Luck stayed with the Americans in 2018 (Paris), when once again Madden claimed the trophy. This time it came with Breitling LS (a horse she sourced from Jeroen Dubbledam, from whom she also bought Simon). As in her previous victory, her week mirrored the previous year nearly to a T. She was clean from the beginning, but an unlucky rail in the middle of the triple combination midway through the final course upped the stakes.
Though you’d never tell by her cool exterior, Madden admitted to being rattled by that rail.
“All you can do at that point is say, ‘Pull it together and finish on 4 and try to get it done,’ ” she said afterward.
“At this stage in my career, I come here hoping I can win,” she said. “But I wasn’t really expecting [to]. I thought top-five finish was realistic, and anything better than that would be amazing. He’s been so good; he’s only showed three times; he was fresh; he was confident and set up well for it.”
Though U.S. riders have often been in the hunt at the FEI World Cup Dressage Final, that title has mostly eluded them. It’s a feat that’s only been accomplished twice, and scriptwriters couldn’t have penned a better ending for the 2009 final in Las Vegas.
At the time international championships were dominated by Anky van Grunsven and Isabell Werth, and Steffen Peters was always just a half step behind.

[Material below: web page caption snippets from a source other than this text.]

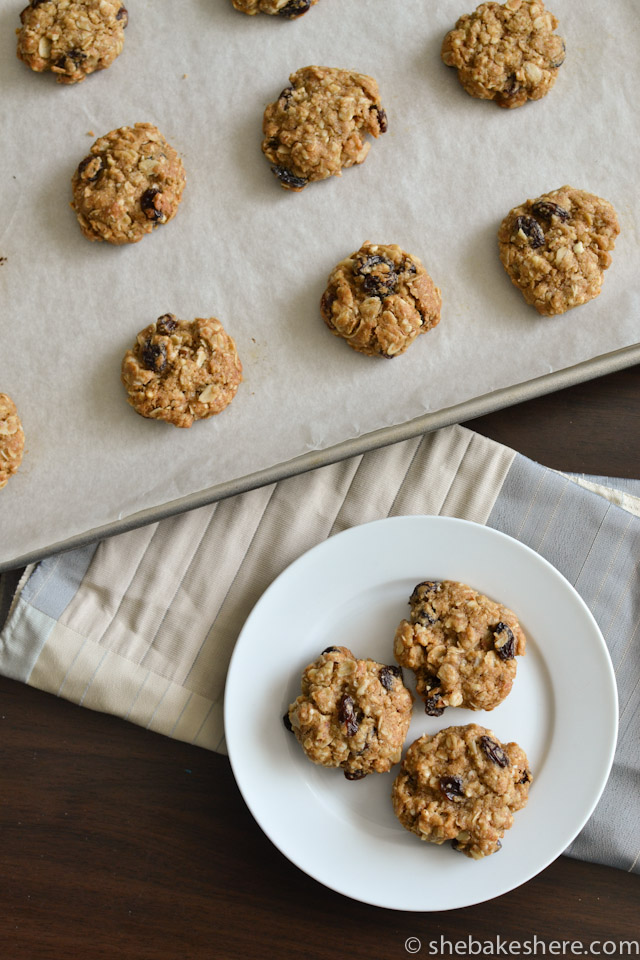 Almond Meal Oatmeal Raisin Cookies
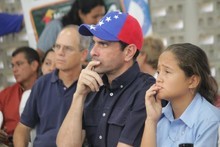 Capriles invitó a jóvenes a ser críticos y generar preguntas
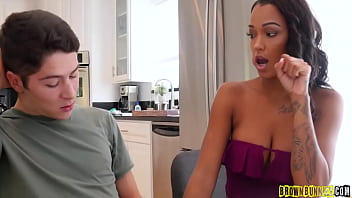 Harley Dean Her New Boyfriend Over For Dinner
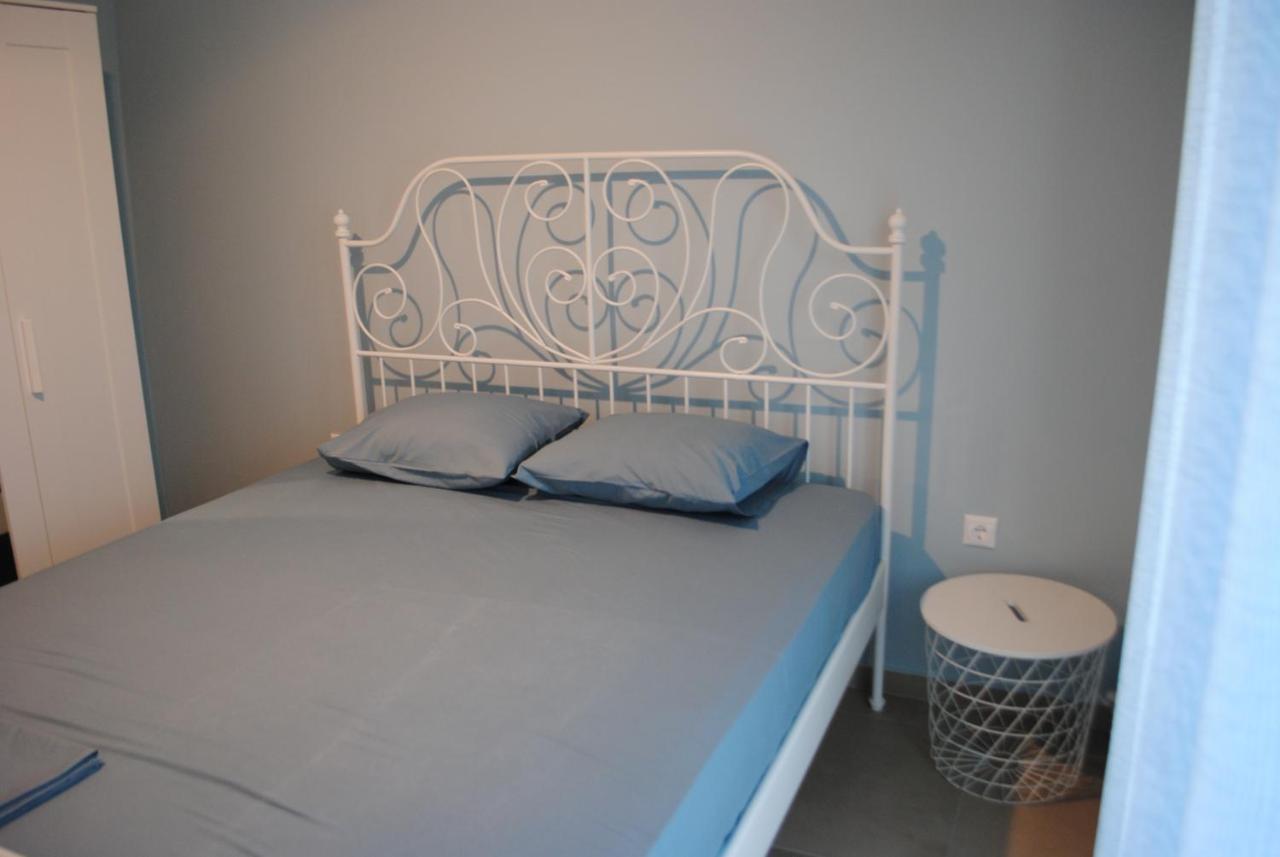 Sea Breeze Apartment Nea Iraklitsa Ngoại thất bức ảnh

But when the titans faltered, Peters and Ravel, the then-11-year-old Hanoverian gelding (Contango—Hautain, Democraat), refused to give up any points, earning personal bests in the Grand Prix (77.91%) and the freestyle (84.95) by a significant margin.
“It’s fair to say, and I probably speak for Ravel too, there’s truly magic soil in [the Thomas & Mack Center],” Peters said at the time. “To share that moment in time with the most amazing dressage fans in the world is an incredible feeling. It hasn’t quite sunk in yet. In a few hours, when I see family and friends, it will.”
The victory made Peters the second U.S. rider to win the FEI World Cup Dressage Final (Debbie McDonald and Brentina won in 2003 [Sweden], but it was after Germany’s Ulla Salzgeber was eliminated because Rusty tested positive for testosterone), and Peters was the first to do so on U.S. soil.
“The audience was so happy to see someone from America be in the running,” said Linda Zang, who judged that year. “When I sat on the side in the Grand Prix, you could hear the emotion. No one was speaking, but you could feel the emotion coming out from the crowd to see someone from America be so successful. He’s been so close, and that time he had the best ride of the day. When you can feel the crowd and the emotion, you know it’s good for our sport. We have to do things that encourage people to be involved and have enthusiasm and feel.”